Sakunosuke Oda

Sakunosuke Oda (織田 作之助, Oda Sakunosuke, born October 26, 1913 died January 10, 1947) was a Japanese writer. He is often grouped together with Osamu Dazai and Ango Sakaguchi as the Buraiha. Literally meaning ruffian or hoodlum faction, this label was not a matter of a stylistic school but one bestowed upon them by conservative critics disparaging the authors' attitudes and subject matter.

Sakunosuke Oda
Oda Sakunosuke, c. 1945.
Born(1913-10-26)October 26, 1913
Osaka, Osaka Prefecture, Japan
DiedJanuary 10, 1947(1947-01-10) (aged 33)
Tokyo, Japan
OccupationNovelist
GenreContemporary
Literary movementI Novel, Buraiha

Life and Writings

Oda's writing career spans both prewar and postwar Japan. A native of Osaka, he wrote mostly of life in that city and the customs and manners of the common people there. In 1939, his story Zokushu (俗臭, Vulgarity) was a candidate for the Akutagawa Prize. The following year, Oda published Meoto Zenzai (夫婦善哉). Named after an Osaka sweet shop, it follows the life of a couple whose relationship survives despite the persistent wastefulness, debauchery, and unkept promises of the erring man.

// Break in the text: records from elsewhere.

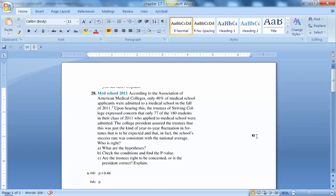The college president assured the trustees that this was just the kind of year-to-year fluctuation in fortunes that is expected, and that in fact the school's success rate is consistent with the national average. Who is right?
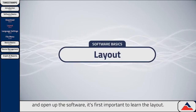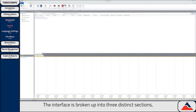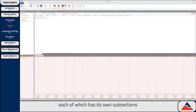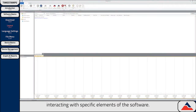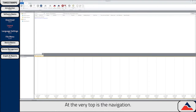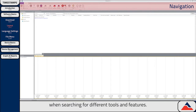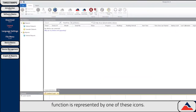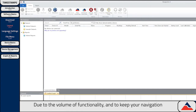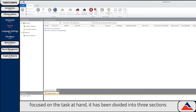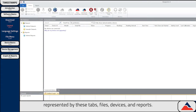Once you've installed and opened up the software, it's first important to learn the layout. The interface is broken up into three distinct sections, each of which has its own subsections and is specialized towards interacting with specific elements of the software. At the very top is the navigation, which is the key point of reference when searching for different tools and features. Just about every available function is represented by one of these icons. Due to the volume of functionality, and to keep your navigation focused on the task at hand, it has been divided into three sections represented by these tabs.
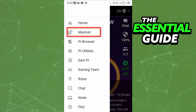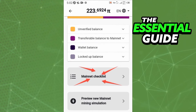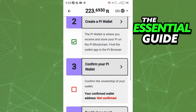Inside your app, you need to click the three bars in the top left corner. After that, on that page, you need to click on Main Net. Then in Main Net, scroll down and you'll see the option Main Net Checklist — just click there.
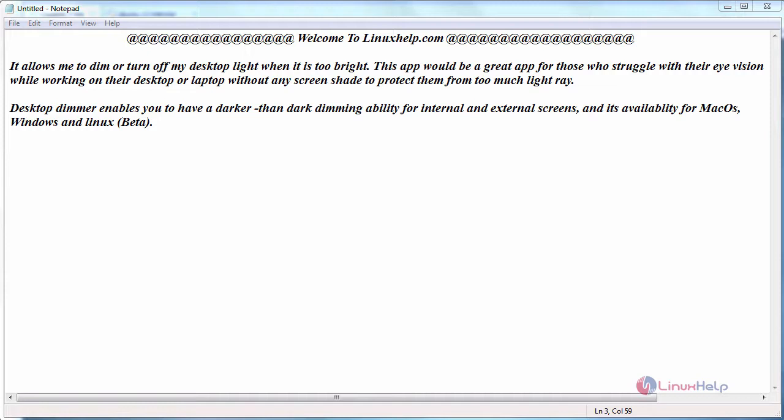Desktop dimmer allows you to dim when it is too bright. This app would be a great app for those who struggle with their eye vision while working on their desktop or laptop without any screen sheet to protect them from too much light ray. Desktop dimmer enables you to have a darker than darker dimming ability for the internal and external screen and it is available for macOS, Windows and Linux.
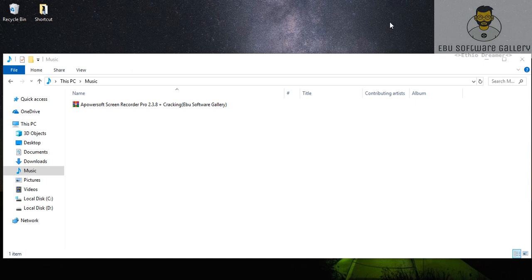Yes, and it's nice. Salamnach. Hello, and Alhamdulillah. Hi, I'm introducing A-Power Screen Recorder Pro version 2.3.18 and it's cracked.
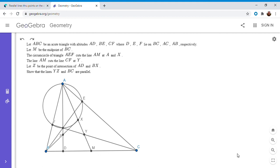Hi everyone, it's Michael. I have another very beautiful problem for you today. This one is from the Cono Sur Math Olympiad — I think it's somewhere in South America. It was from 2007, and I found it on the Art of Problem Solving Forum.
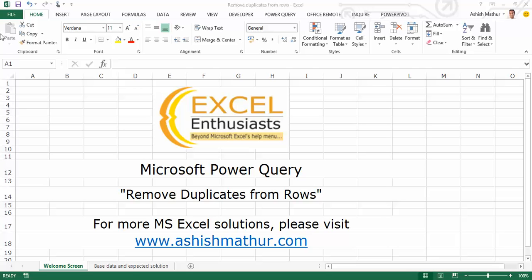Hi, welcome to a short video on the practical usage of Microsoft Power Query. In this video, I'd like to show you how you remove duplicates from rows. I'm Arshish Mathur and for other MS Excel solutions, you may visit my website arshishmathur.com.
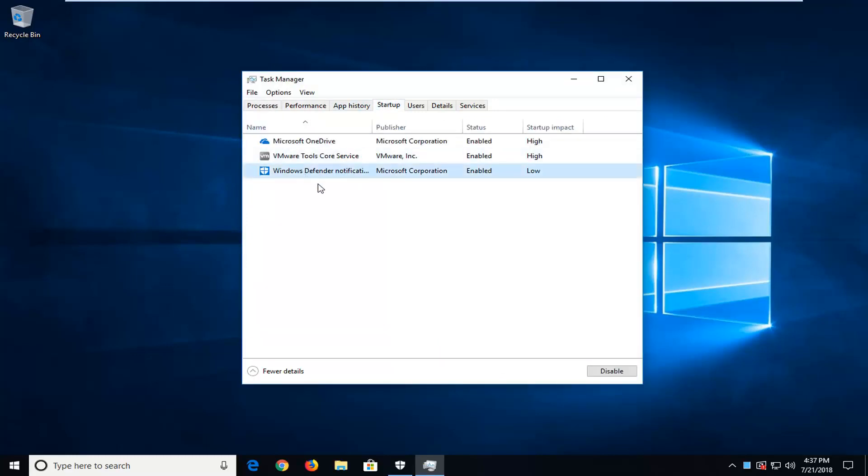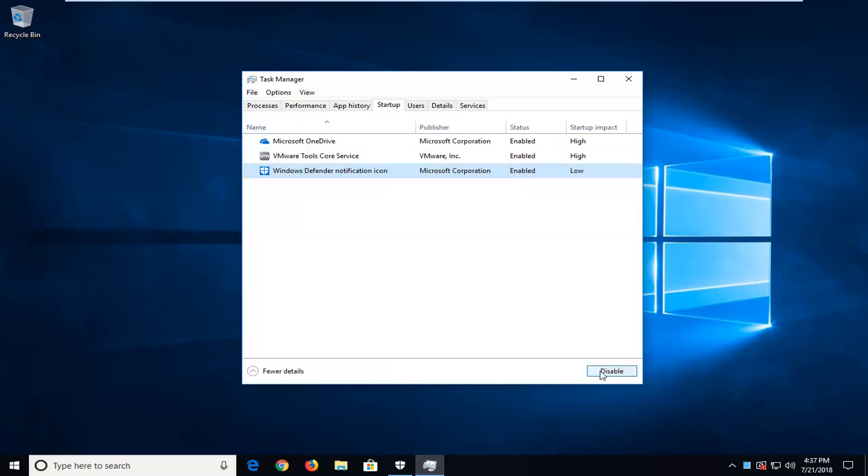And then where it says Windows Defender Notification icon, you want to just left-click on them one time. And then go down and left-click on Disable.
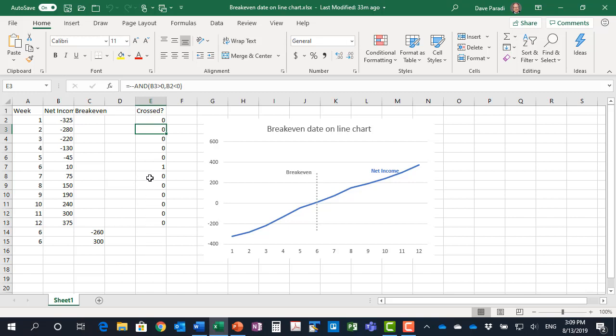It's important we have this formula set up so that only one of the time periods has that one in it. Now obviously if you're going to adapt this idea to check for other conditions, just set up the formula however it makes sense for your situation, but you only need a one in that one particular time period.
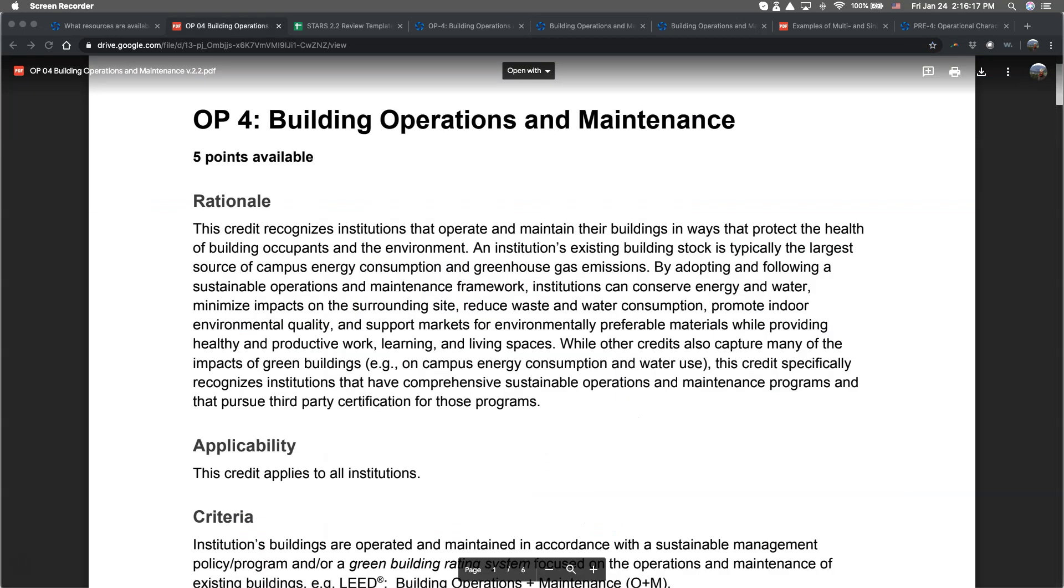While the rationale for this credit remains the same, the criteria does have substantive changes in 2.2. The 2.2 Summary of Changes can be found in the Resources and Support section of the STARS website.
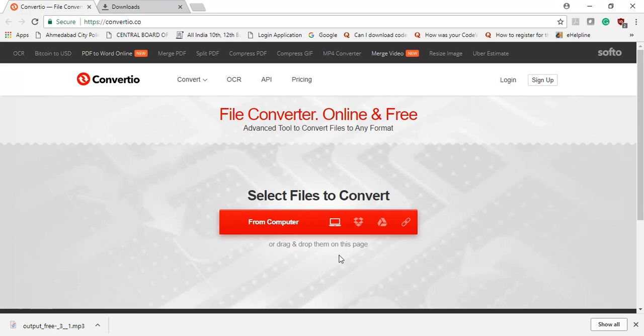Hi everyone, Karthik here. Welcome to my YouTube channel. I tried numerous software to convert my file from one extension to another extension, but I wasn't satisfied with them. Then I finally found convertio.com. This is an online application.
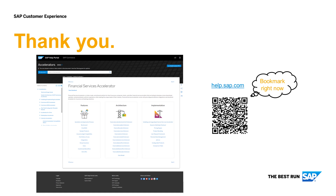Thank you for watching the release video. More information can be found on help.sap.com.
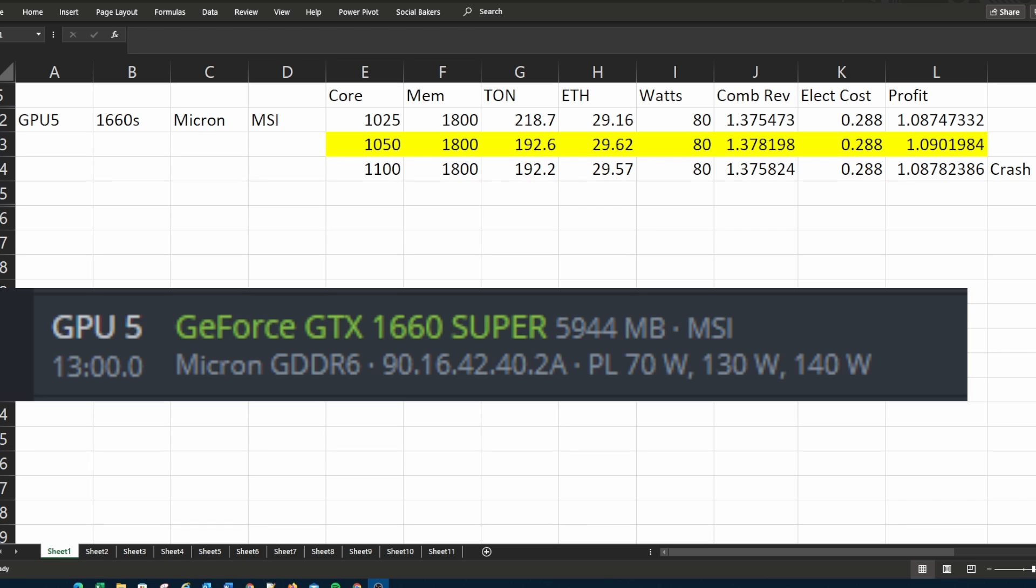Now this does use more electricity to dual mine TON and Ethereum at the same time, which I took into account when I found the most efficient overclockings for my GPUs that also delivers the most profit.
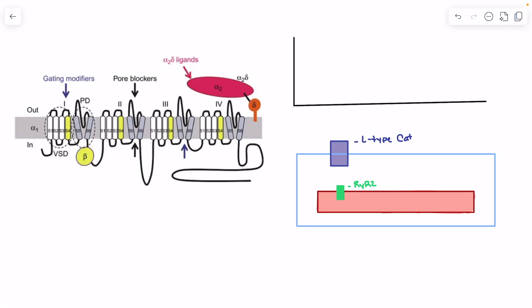In this video we're going to talk about the L-type calcium channel, and specifically the CAV 1.2 channel, which is the cardiac isoform. The goal is to bring some understanding to how that CAV 1.2 channel works and its relationship to something like a calcium channel blocker. The L-type calcium channel is going to play a role in a few different areas.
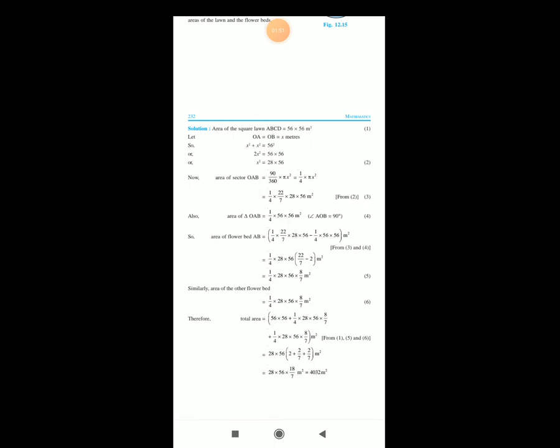Area of the square lawn ABCD: since ABCD is a square, the area of the square is equal to L squared, that means 56 squared square meters. Let OA equal to OB equal to X meters. Therefore X squared plus X squared equals 56 squared, so 2X squared equals 56 times 56, and therefore X squared equals 28 times 56.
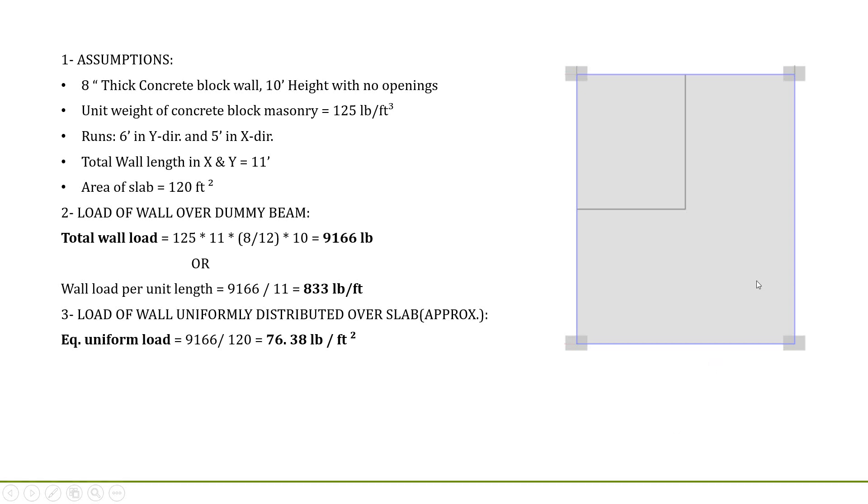Hi! In this video, we will learn about modeling line load on a solid slab. We have an unsymmetrical wall loading distribution as shown in the figure.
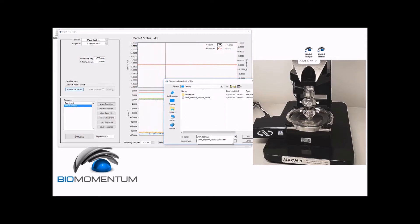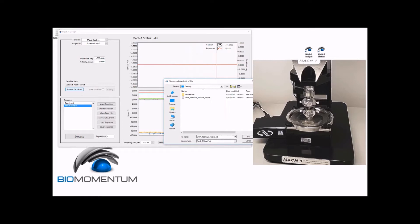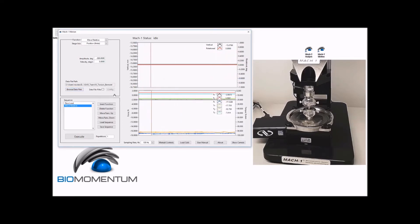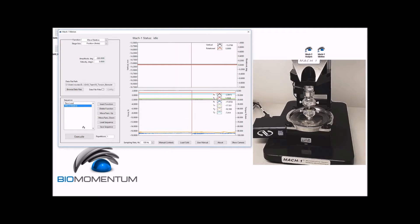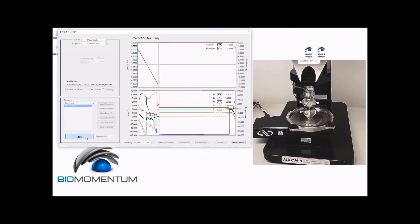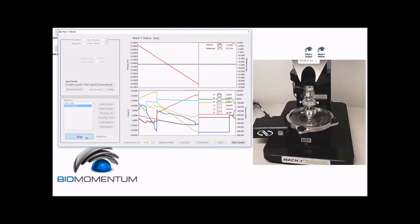We will save the data from the move relative function as group number underscore team number underscore torsion underscore bone. Note that a zero position function with position theta as a stage axis parameter can also be added between the zero load function and the move relative function. We can now execute the sequence.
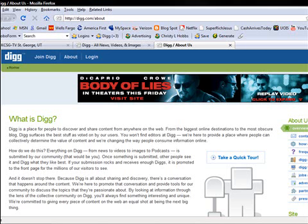Hey guys, Christy Hobbs here. By now I'm sure that you've heard of Digg, but you may or may not be sure of what exactly Digg is. So today we're going to discuss what is Digg and how it can benefit you and your business.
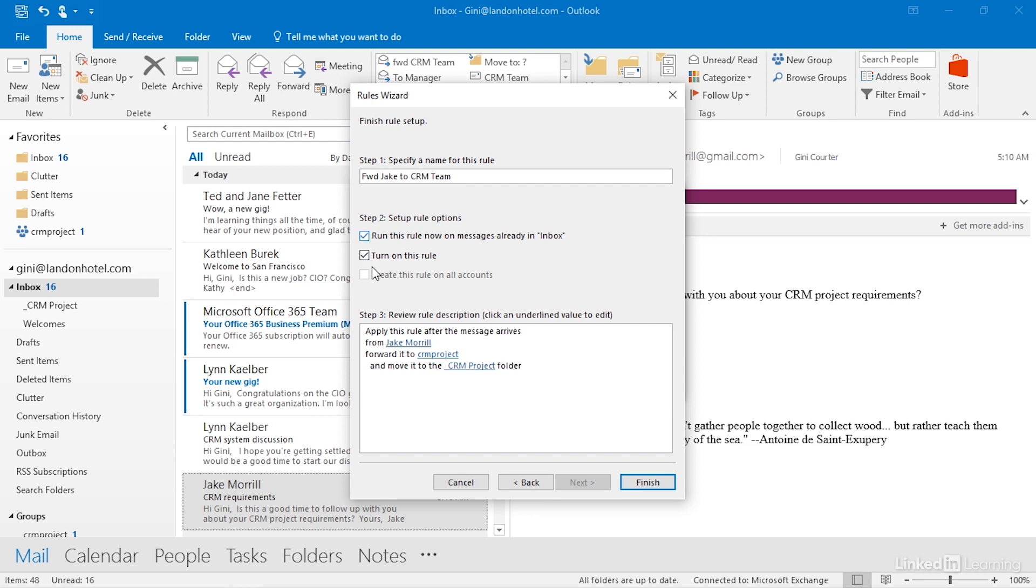At any point in time, I can turn this rule on or off. One use of rules then is to create rules that help you move items to other folders or forward emails to other people that you invoke on a periodic basis. I move all of the messages to client folders, for example, at the end of every quarter or the end of every year. You can simply go into the rules, run the rule on the messages, and when you're all done, turn the rule back off. But in this case, I'm going to run this on messages and turn this rule on going forward so that in the future, all messages that we get from Jake will automatically be forwarded to the project team and placed in the CRM project folder.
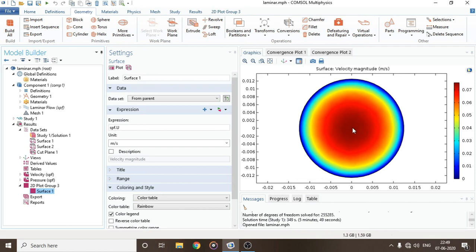This was all about how you analyze laminar flow in COMSOL. In the next video we will see how we analyze turbulent flow in COMSOL. Goodbye.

Oda's characters usually did not fit into what were traditionally considered appropriate forms, either in their frank humanness or in their stubborn individuality, as in Roppakukinsei (六白金星, Six White Venus, 1946), or out of the cruel necessity of survival. In the story Sesō (世相, The State of the Times, 1946), Oda describes the first months of the occupation period following Japan's surrender at the end of World War II, which were marked by food shortages so severe that government rations were not enough even to sustain life and people turned to the black market to procure the food they needed for their own survival. During Oda's lifetime, several of his works were banned.

Oda also wrote radio drama scenarios and submitted a script to a magazine that was later made into the film Kaette kita otoko (還って来た男, The Returnee, 1944), by Kawashima Yūzō (it was the director's commercial debut).

In addition to his fiction, Oda wrote many critical essays, most notably "Kanōsei no bungaku" (可能性の文学, "The Literature of Possibility", 1946).

In 1947, after suffering from a lung hemorrhage, Oda died in Tokyo Hospital. After the funeral, his friend and fellow writer Osamu Dazai published an emotional eulogy blaming the critics for Oda's sudden death. More likely, it was from a recurrent bout of tuberculosis. Oda is buried in Osaka.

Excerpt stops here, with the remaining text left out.